Grant Funds Syracuse Housing Research
December 17, 2021
Gretchen Purser, associate professor of sociology at the Maxwell School, is part of a three-member team that has received a $350,000 grant from the Robert Wood Johnson Foundation to investigate how building local power among tenants can enhance community health and well-being.
The grant is provided by the foundation’s Interdisciplinary Research Leaders (IRL) program, a highly competitive national leadership program that promotes action-oriented and community-engaged research.
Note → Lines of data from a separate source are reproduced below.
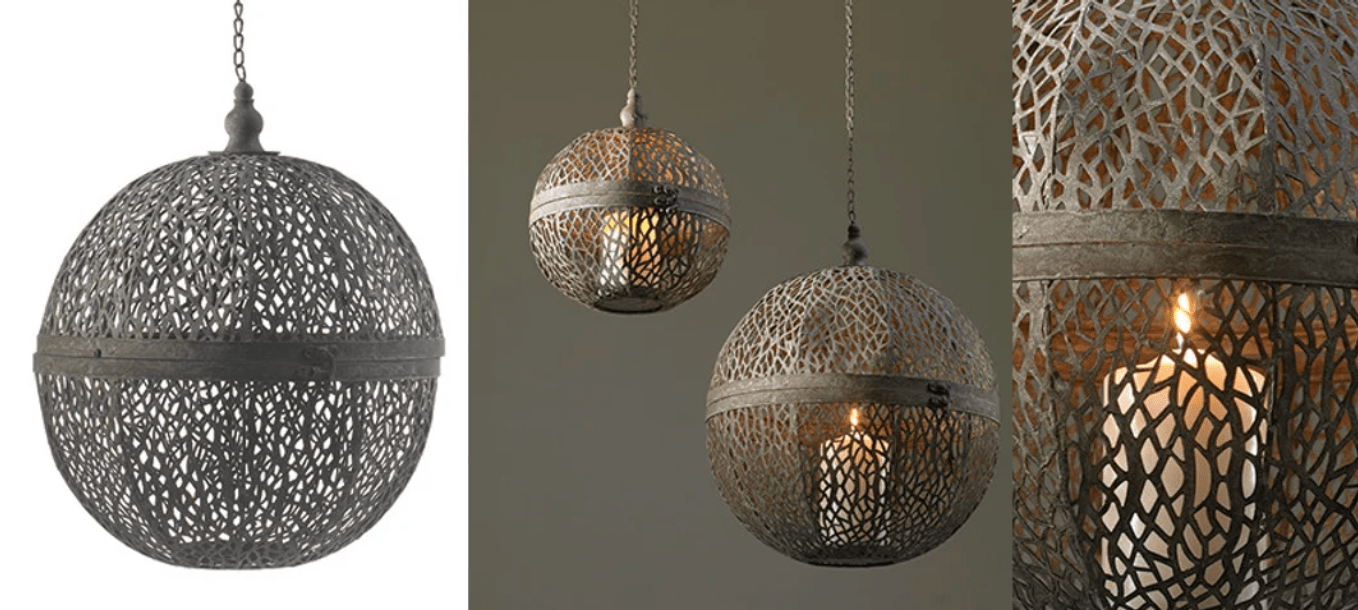 Hanging Sphere Candle Holder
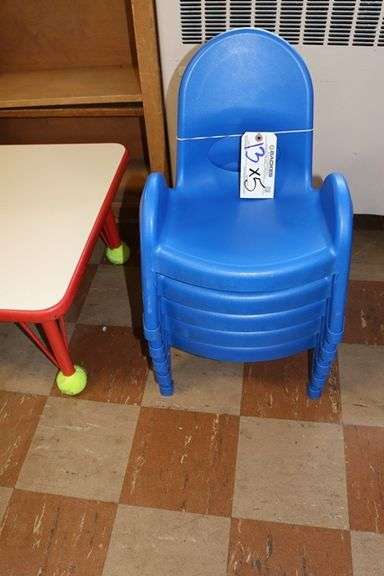 Times 5 - Angeles blue poly childs chairs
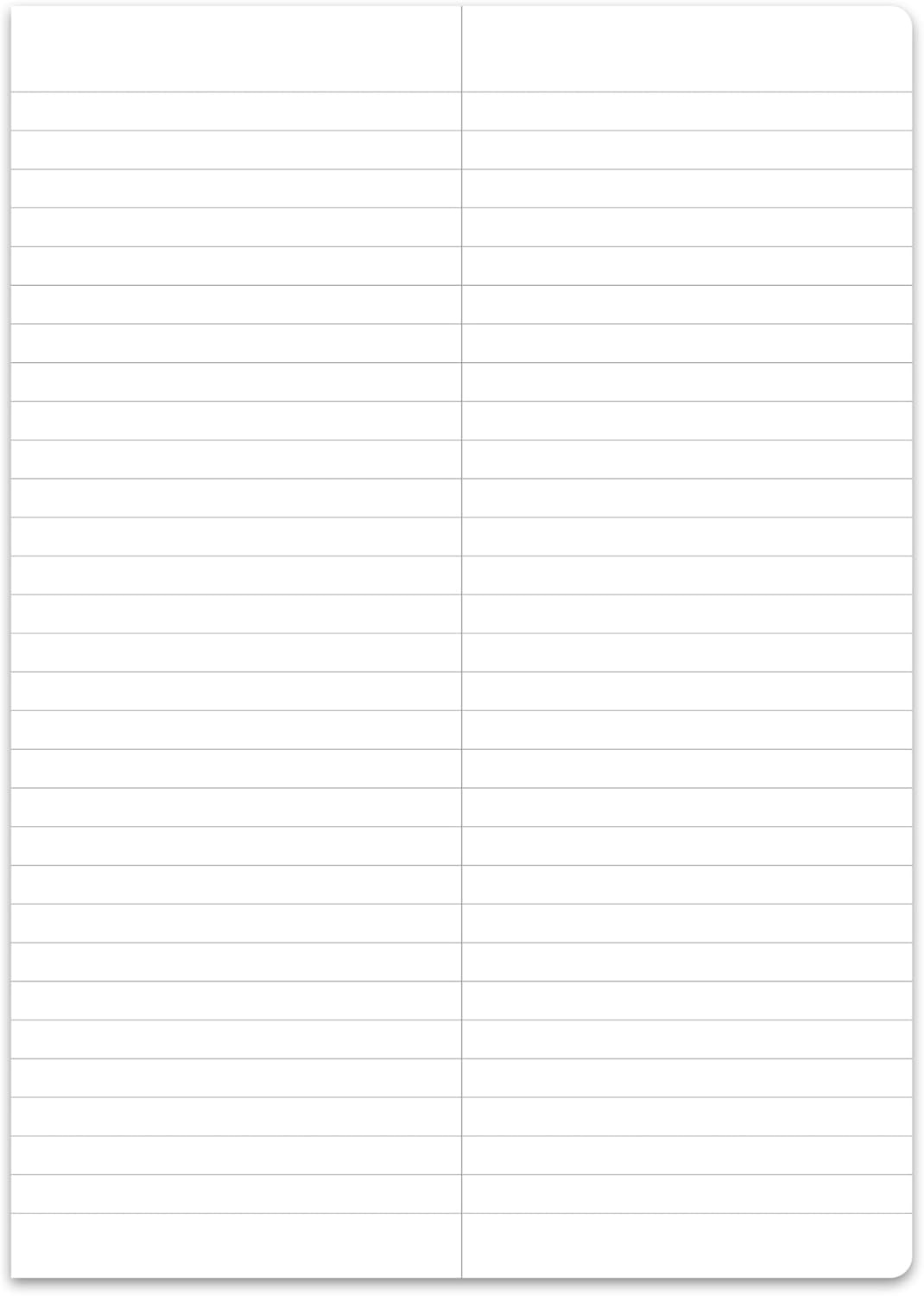 Staufen Style Vokabelheft - 5 Hefte je 32 Blatt, DIN A4, Lineatur 53 (Vokabel mit Mittellinien), 80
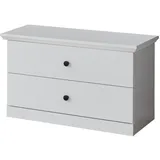 trendteam Baxter 81 x 49 x 41 cm weiß / weiß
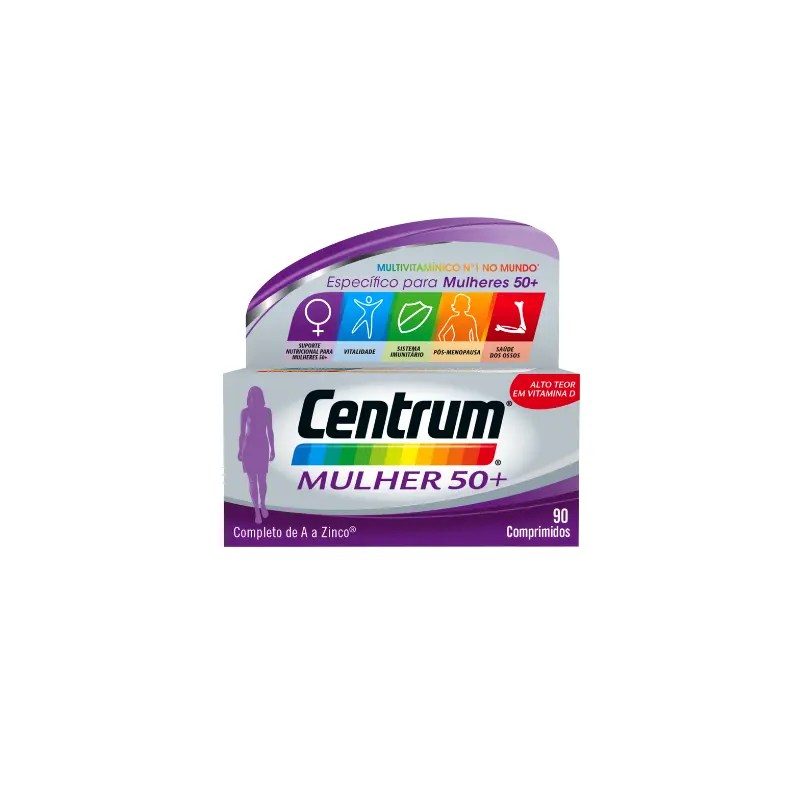 Centrum Mulher 50+ x90 comprimidos Centrum Mulher 50+ x90 comprimidos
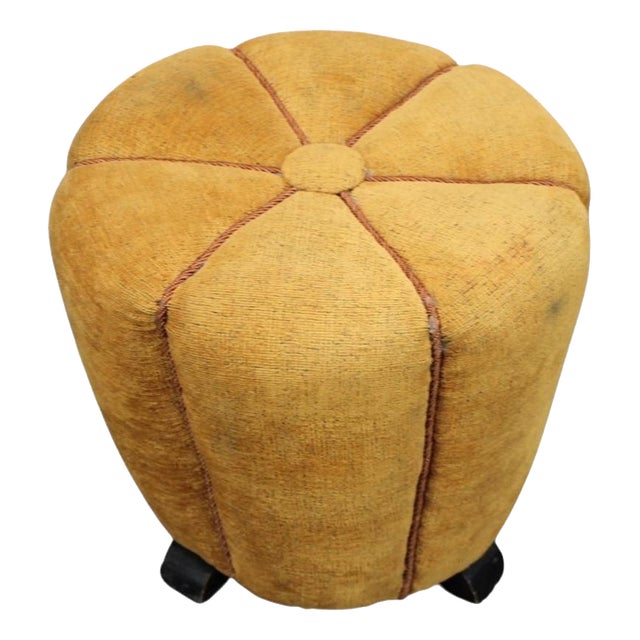 Mid-Century Ottoman by Jindrich Halabala, Former Czechoslovakia, 1950s For Sale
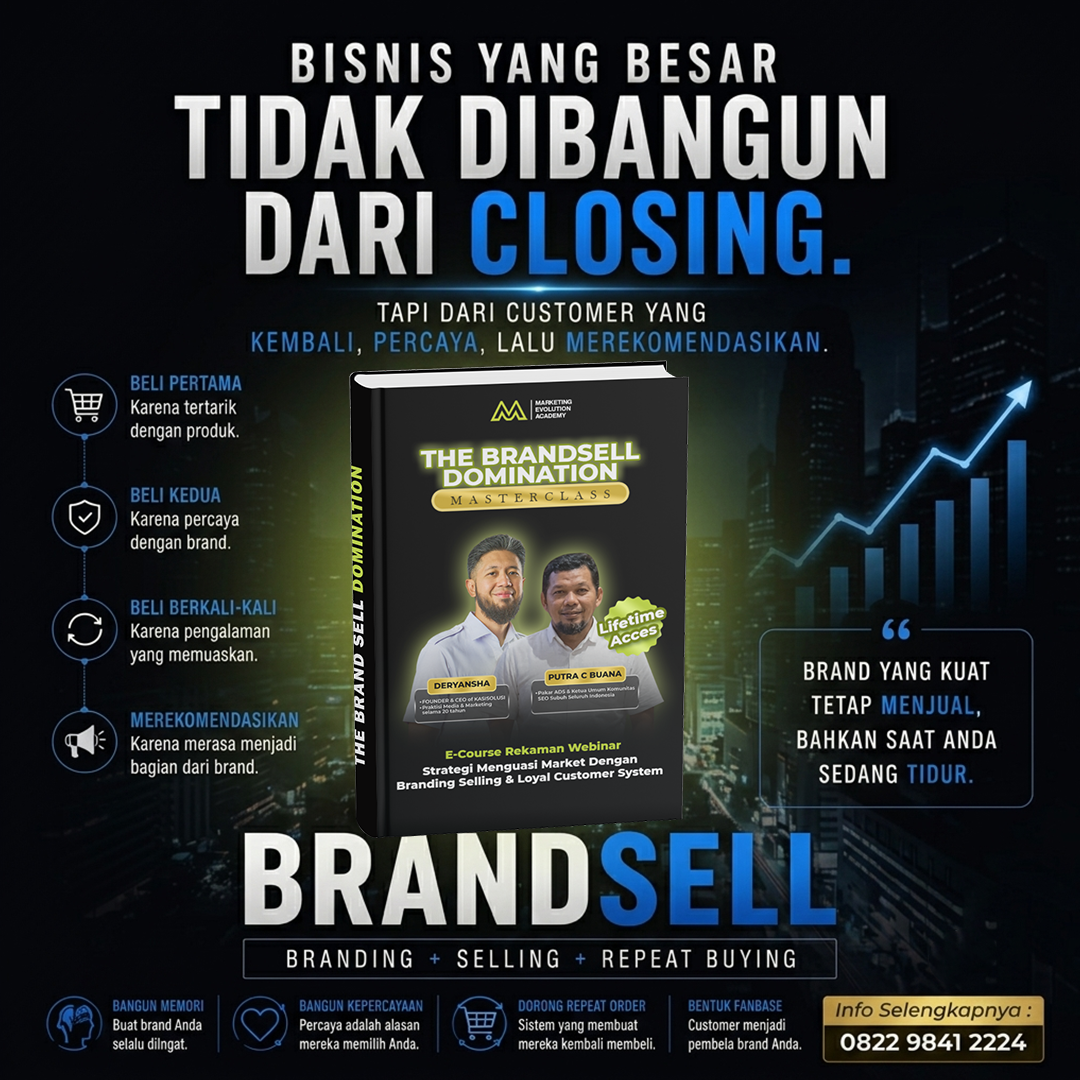 Bisnis yang besar tidak dibangun dari closing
The funding will cover an annual stipend for each team member as well as a one-time research award of $125,000 and mentorship from national experts in research, community action, health equity, public policy and advocacy.
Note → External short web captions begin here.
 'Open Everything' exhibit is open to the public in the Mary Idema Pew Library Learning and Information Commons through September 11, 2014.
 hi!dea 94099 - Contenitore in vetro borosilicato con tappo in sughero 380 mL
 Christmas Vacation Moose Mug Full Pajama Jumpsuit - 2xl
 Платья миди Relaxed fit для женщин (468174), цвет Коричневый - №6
In addition to Purser, the research team includes Jamila Michener, associate professor of government at Cornell University, and Palmer Harvey, founder of and organizer with the Syracuse Tenants Union.
Their project, titled “Building Power for Community Health: A Study of Tenant Organizing in Syracuse, N.Y.,” will investigate how building power through the tenants union helps to achieve concrete improvements in housing conditions for poor and predominantly Black families in the Syracuse community.
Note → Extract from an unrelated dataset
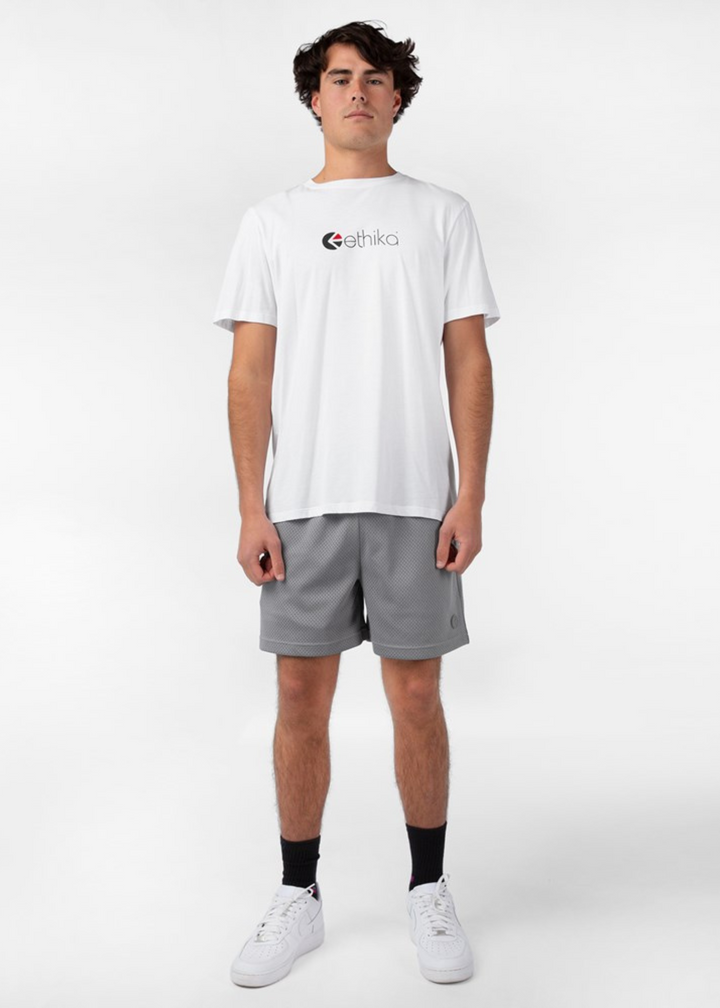 Mens Basketball Short Grey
“We define power as the ability to influence the processes and institutions that shape the circumstances of one's life and environment,” explains Purser. “We ask how power can be developed and wielded to improve health in marginalized communities.”
They will also examine how building power among tenants can help mitigate processes and mechanisms through which policies, practices and programs uphold structural racism in housing. And, they will explore how local political participation in the tenant's union leads to improvements in mental health through diminished feelings of isolation and resignation and an increased sense of collective efficacy as political agents.
Housing is the focus of the research because, Purser says, it is an “enduring channel through which structural racism has shaped outcomes in Syracuse.” Confronted with an imbalance of power, tenants experience substandard housing, lead poisoning, predatory renting arrangements, evictions and more, she adds.
Purser also serves as research director on activism and advocacy for the Maxwell School’s Program for the Advancement of Research on Conflict and Collaboration (PARCC). Her research and teaching focuses on work and labor market transformation, the housing struggles of the urban poor and the policies and practices of poverty management in the U.S. She received a Ph.D. in sociology from University of California at Berkeley.